Our final Social Lightscapes workshop was in Paris (27-30 October 2017) was a collaboration with a range of institutions involved in the regeneration and redesign of the Places des Fetes, 19th arrondissement, in the quartier of Belleville. These included the Mairie de Paris, Dido and ACE, and was timed to coincide with the biennial PLDC conference, this year located in Paris. The 35 workshop participants therefore were almost entirely lighting professionals drawn from around the world, from Melbourne to Bogota, plus several Parisian art and design students. Unusually, for this workshop Elettra and Don had the advantage of being commissioned by the Mairie to carry out several days of social research on the Place des Fetes in July 2017, and therefore had field experience and considerable primary research material to work from.
Place des Fetes: Regeneration
Although one of 11 public squares currently being regenerated by the Mairie de Paris, Place des Fetes is unique and exceptionally complex. The square was the heart of a working class neighbourhood, once the last bastion of the 1871 communards. It was demolished and reformed in the 1970s in a brutally modernist mould, including tower blocks of social housing rising from within the square itself and in the surrounding streets to the north. The southern environs, as well as the Buttes-Chaumont area further north, survived as a traditional Parisian quartier, but are now increasingly desirable as one of the remaining affordable areas for younger professional Parisians. Finally, this is an intensely multicultural area, defined by many waves of immigration.
The theme for this workshop was ‘regeneration’: there was a clear need to rescue a valued space from dilapidation and spatial incoherence, and yet there was also a long term failure to find a concept or strategy. There had previously been a high profile redesign by the ‘postmodern’ architect Bernard Huet in the 1990s that left behind some bewildering structures and ground plans.
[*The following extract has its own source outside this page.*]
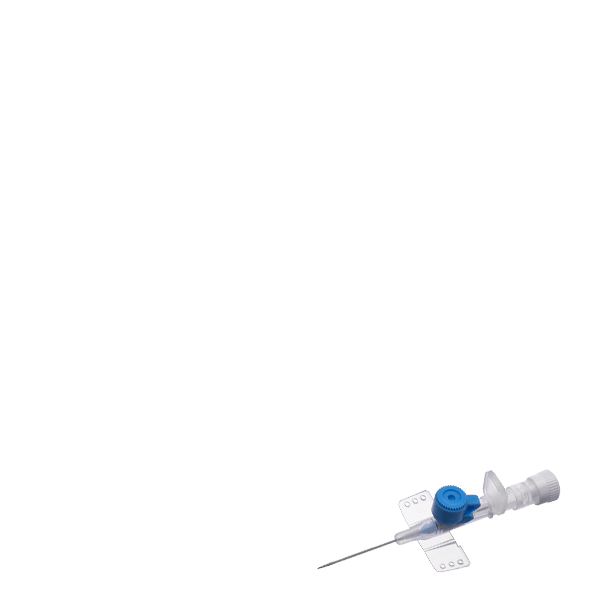 Периферические венозные катетеры с крыльями с портом с самозакрывающейся крышкой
There have been many consultations and studies over the past few years to the point that residents clearly let us know that someone should do something, anything, rather than ask them again for their views… On top of this, the city realised that they had focused entirely on Place des Fetes by day, with virtually no attention to its very active early evening and very dead night-time.
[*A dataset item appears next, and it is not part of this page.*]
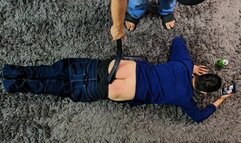 Chase gets a bare bottom belting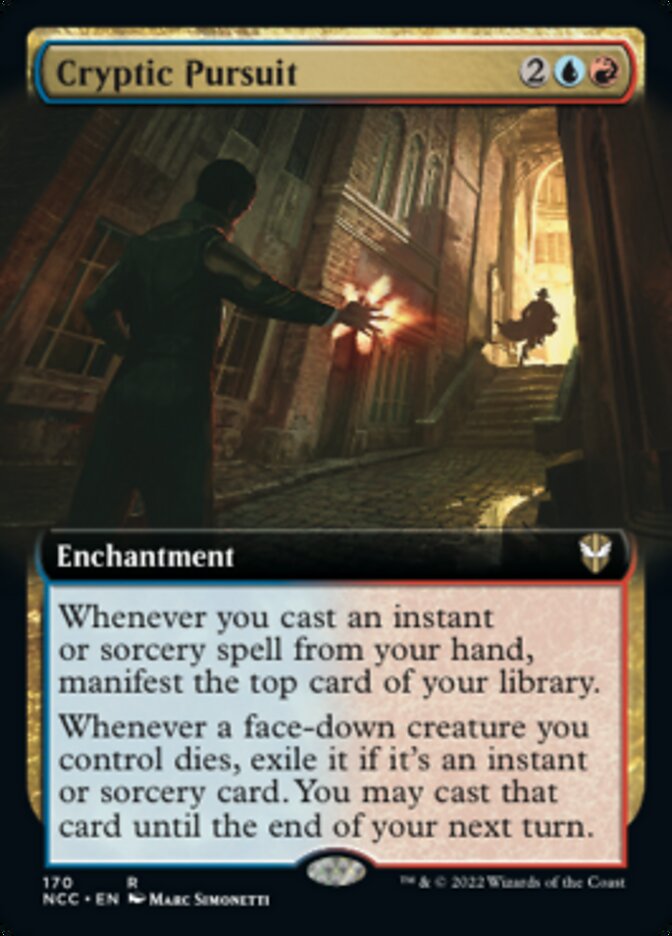 Cryptic Pursuit (Extended Art) [Streets of New Capenna Commander] | Sanctuary Gaming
The relation between social life and social space was complex, fragmented, illegible and to some extent simply mismatched: Although officially a ‘public square’, Place des Fetes doesn’t necessarily work as one. The vast majority of footfall is commuters using the metro station, scarcely aware that they are skirting a large public space. The main users of that space are diverse, and not entirely using it as a public space – eg, the residents of the tower blocks within its perimeter see it as part of their private space (that should be kept quiet and clear); many ethnic residents use it as an extension of their homes (looking after kids, hanging out in the evening). There are children of various ages, all occupying different zones (playground, central square), in complex interaction with other users.
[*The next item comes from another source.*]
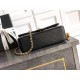 Replica Chanel Small Classic Flap CF Bag Shiny lambskin Black
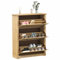 Sufrk Schuhschrank Shoes Cabinet Schuhaufbewahrung Schuhschrank Flur Corona 99x32x124,5 cm Massivholz Kiefer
Finally, there were some very public debates about the identity of the Place des Fetes that centred (not entirely helpfully) on two symbols: Firstly, the square is widely known for its three day a week market that draws buyers and sellers from a wide area. However it is to be moved to the perimeter of the square, leaving the whole space to be redefined and ‘activated’. Secondly, the ‘postmodern’ redevelopment left behind – in its centre – a pyramid structure on a platform that lights up as a beacon at night; despite falling into horrendous disrepair, and despite a decision to remove it, the structure is popular amongst some stakeholders.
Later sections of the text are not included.